NoSQL became a buzz word in the last 12 months. Why?
The short explanation is that there are a number of new databases which don’t depend entirely on SQL (which we can think of as Not Only SQL databases) and some which don’t depend on SQL at all (which we can think of as absolutely No SQL databases). Some of these products are getting traction (examples include Aster Data, MongoDB, Apache Cassandra and MarkLogic). These are database products which IT users are happy to buy into, that are distinctly different to the typical relational databases that we have grown accustomed to.
Some of this has been a consequence of significant changes to computer hardware.
Servers are now multicore – which means that each server CPU sports more than one processor (or core) per CPU chip. The trend to multicore chips began when heat output made it impractical to increase the clock speed of chips. The viable clock rate topped out at about 3 gigahertz for desktop devices and a little higher – in the 4-5 gigahertz range – for servers. Servers have more efficient cooling systems than desktops, so high clock rates are possible.
So the chip manufacturers start adding extra cores to their CPU chips continuing to improve raw chip performance by other means. This had the effect of turning a single server with a single CPU chip into something akin to an SMP server (a server built with multiple CPUs). That in turn had the effect of increasing the raw power of a genuine SMP server. Low cost SMP servers typically have 4 CPUs and if each has, say, 6 cores then that gives you 24 processors. That’s more like a grid of computers than an SMP server and if you assemble several such servers, that’s even more like a computer grid.

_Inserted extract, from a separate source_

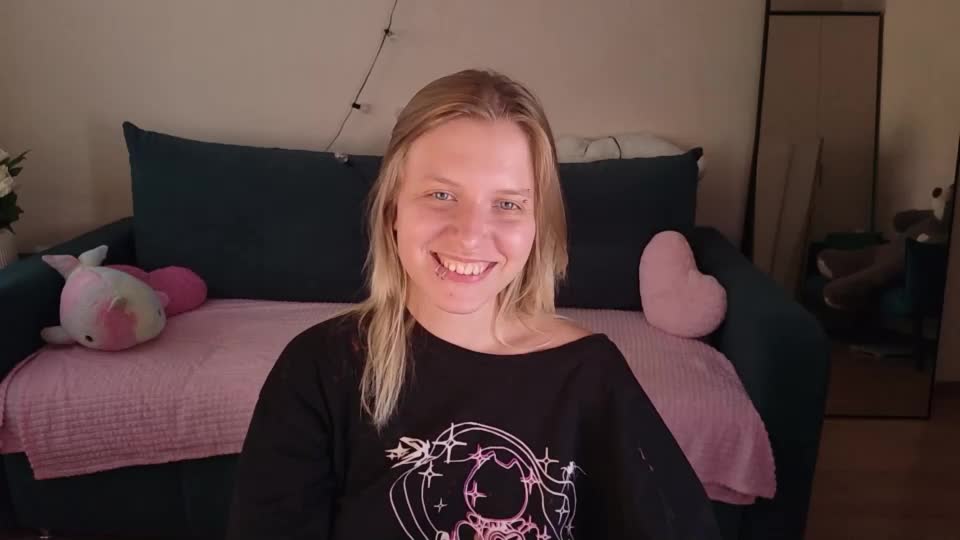 viki_charm Adult Chat August 10, 2026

Traditional relational databases were engineered for SMP configurations and they are, to some degree being superseded by shared-nothing scale-out architectures that are fundamentally grid-oriented.
The Other Hardware Components
It’s now possible to configure hundreds of gigabytes of memory on powerfully configured servers, which means that much more data can be held in memory. This makes it possible to pin fairly large databases tables in memory, giving a welcome kick to performance for some applications. This in turn has emphasized the importance of data compression as a database performance technique.

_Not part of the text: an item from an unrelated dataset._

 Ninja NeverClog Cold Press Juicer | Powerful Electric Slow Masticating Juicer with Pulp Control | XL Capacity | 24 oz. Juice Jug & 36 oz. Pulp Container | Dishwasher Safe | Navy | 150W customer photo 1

Additionally, Solid State Disks (SSDs) are now coming to the fore. So many of the software techniques and tuning parameters associated with spinning disk that are found in relational databases are becoming unimportant. Even with spinning disk, random reads from spinning disk can be largely eliminated, because they are too slow. Instead a database can either read serially from disk, or where random reads are frequent, pin the table in memory. That in turn means that data is best organized to suit serial reads of disks – i.e. tables need to be partitioned across multiple disks and multiple i/o channels.
Convulsions In The Data Landscape
This hardware evolution engendered the recent clutch of column-store databases (ParAccel, Vertica, 1010data, etc.) that better suit modern servers if you need to process large amounts of data. However, the kind of data that many organizations need to process has changed too – and so there’s no confusion, what I mean here is new data rather than the traditional well-structured data.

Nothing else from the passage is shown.